PROBLEM STATEMENT: Every record below is to be copied exactly, with its images omitted.

EXTRACTED ENTRIES:
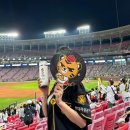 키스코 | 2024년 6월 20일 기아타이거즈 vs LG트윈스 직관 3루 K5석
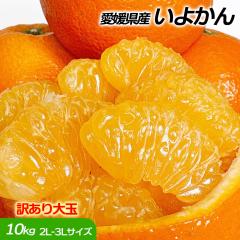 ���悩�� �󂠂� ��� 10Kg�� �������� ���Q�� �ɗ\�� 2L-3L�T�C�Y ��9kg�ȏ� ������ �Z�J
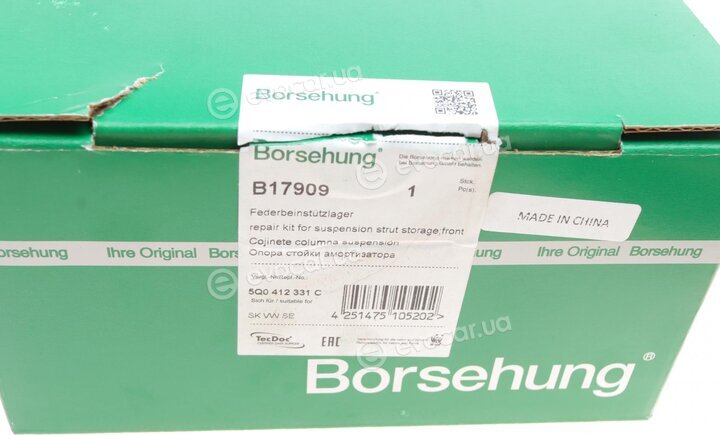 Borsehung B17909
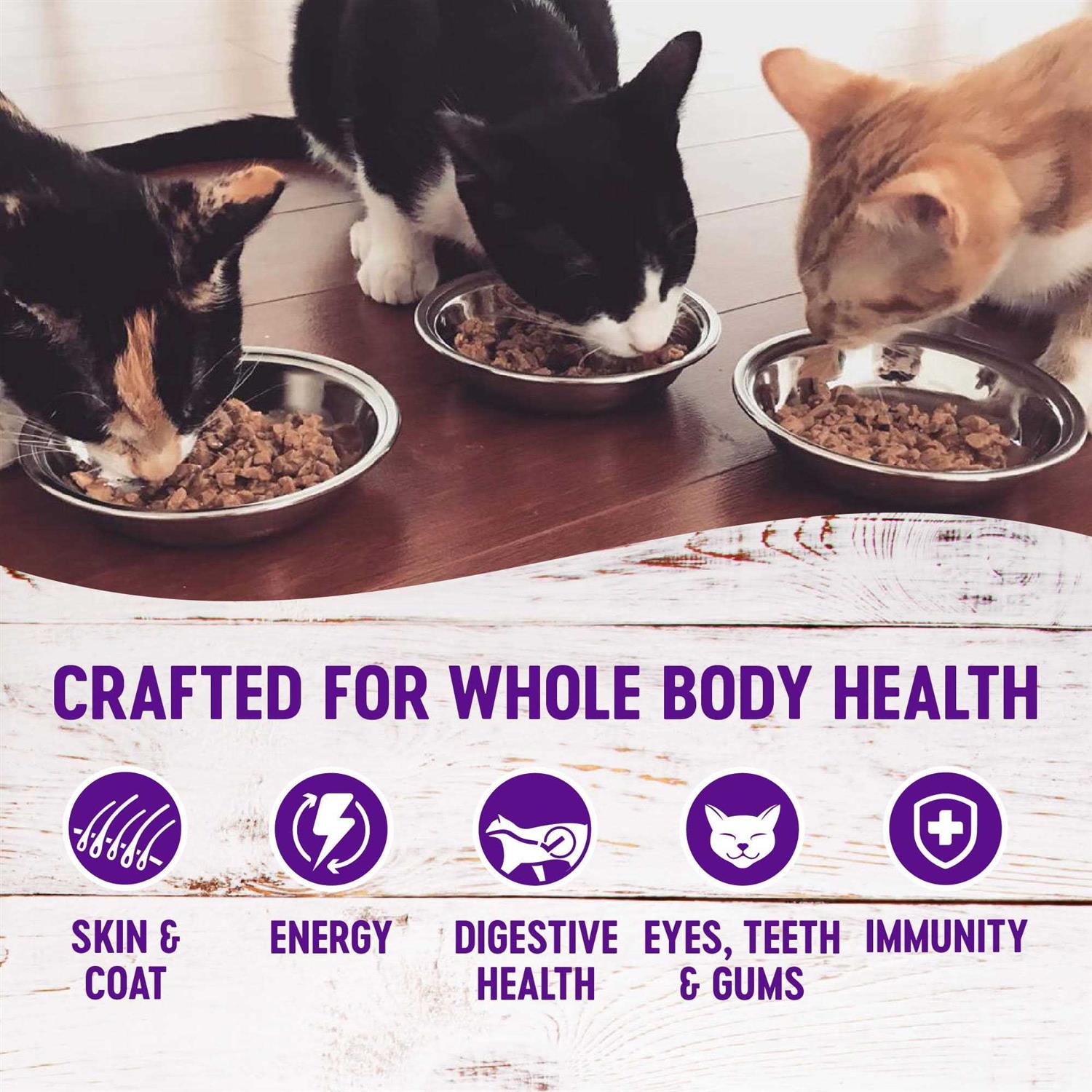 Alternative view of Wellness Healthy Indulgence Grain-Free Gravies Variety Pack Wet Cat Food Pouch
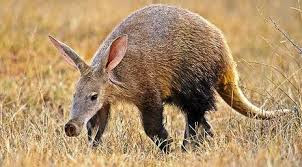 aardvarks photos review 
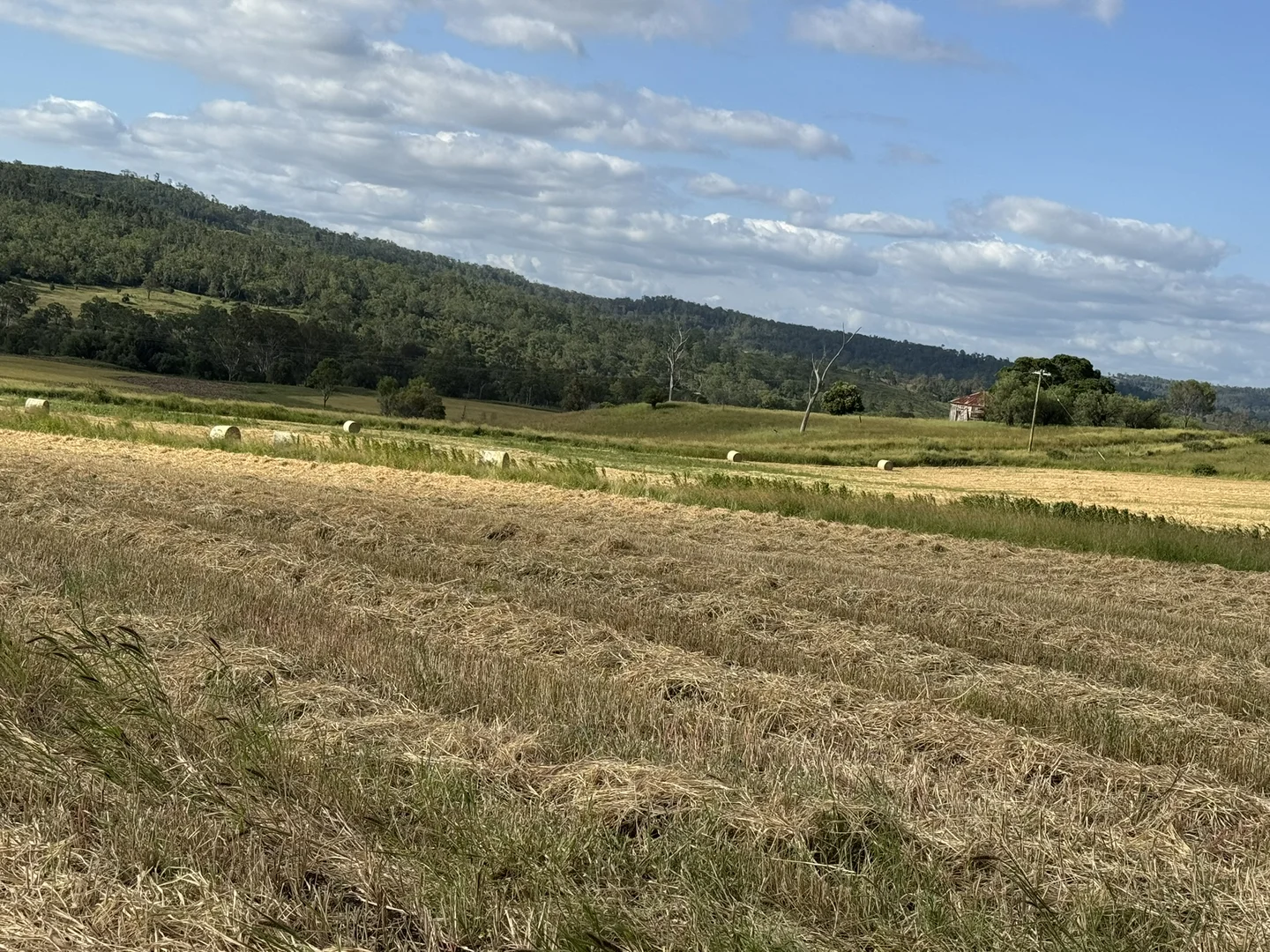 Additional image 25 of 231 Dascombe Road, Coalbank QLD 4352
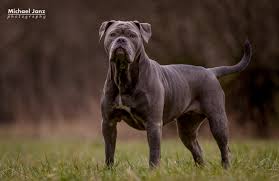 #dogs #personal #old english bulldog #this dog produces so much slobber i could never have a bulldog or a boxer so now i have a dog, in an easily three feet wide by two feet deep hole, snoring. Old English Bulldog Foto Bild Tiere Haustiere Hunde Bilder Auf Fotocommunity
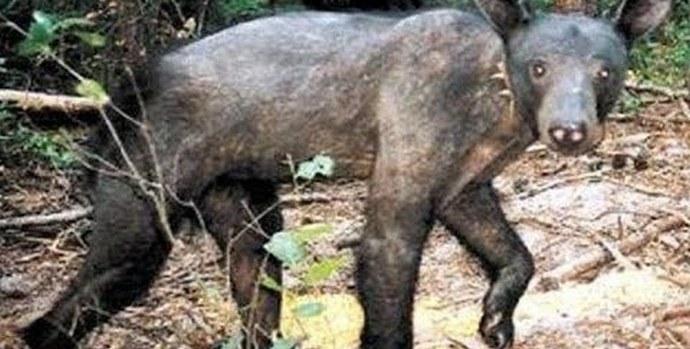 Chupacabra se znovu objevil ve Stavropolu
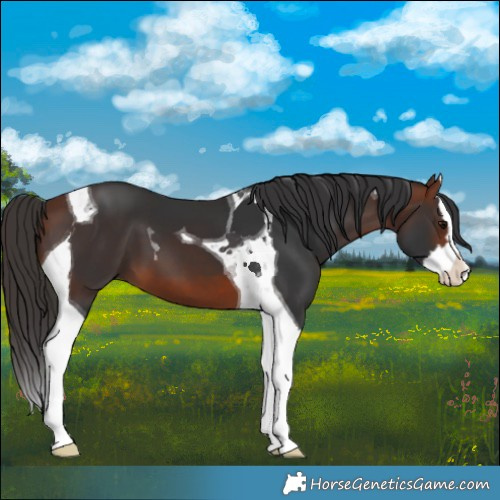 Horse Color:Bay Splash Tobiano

RESULT FOR THIS TASK:
 키스코 | 2024년 6월 20일 기아타이거즈 vs LG트윈스 직관 3루 K5석
 ���悩�� �󂠂� ��� 10Kg�� �������� ���Q�� �ɗ\�� 2L-3L�T�C�Y ��9kg�ȏ� ������ �Z�J
 Borsehung B17909
 Alternative view of Wellness Healthy Indulgence Grain-Free Gravies Variety Pack Wet Cat Food Pouch
 aardvarks photos review 
 Additional image 25 of 231 Dascombe Road, Coalbank QLD 4352
 #dogs #personal #old english bulldog #this dog produces so much slobber i could never have a bulldog or a boxer so now i have a dog, in an easily three feet wide by two feet deep hole, snoring. Old English Bulldog Foto Bild Tiere Haustiere Hunde Bilder Auf Fotocommunity
 Chupacabra se znovu objevil ve Stavropolu
 Horse Color:Bay Splash Tobiano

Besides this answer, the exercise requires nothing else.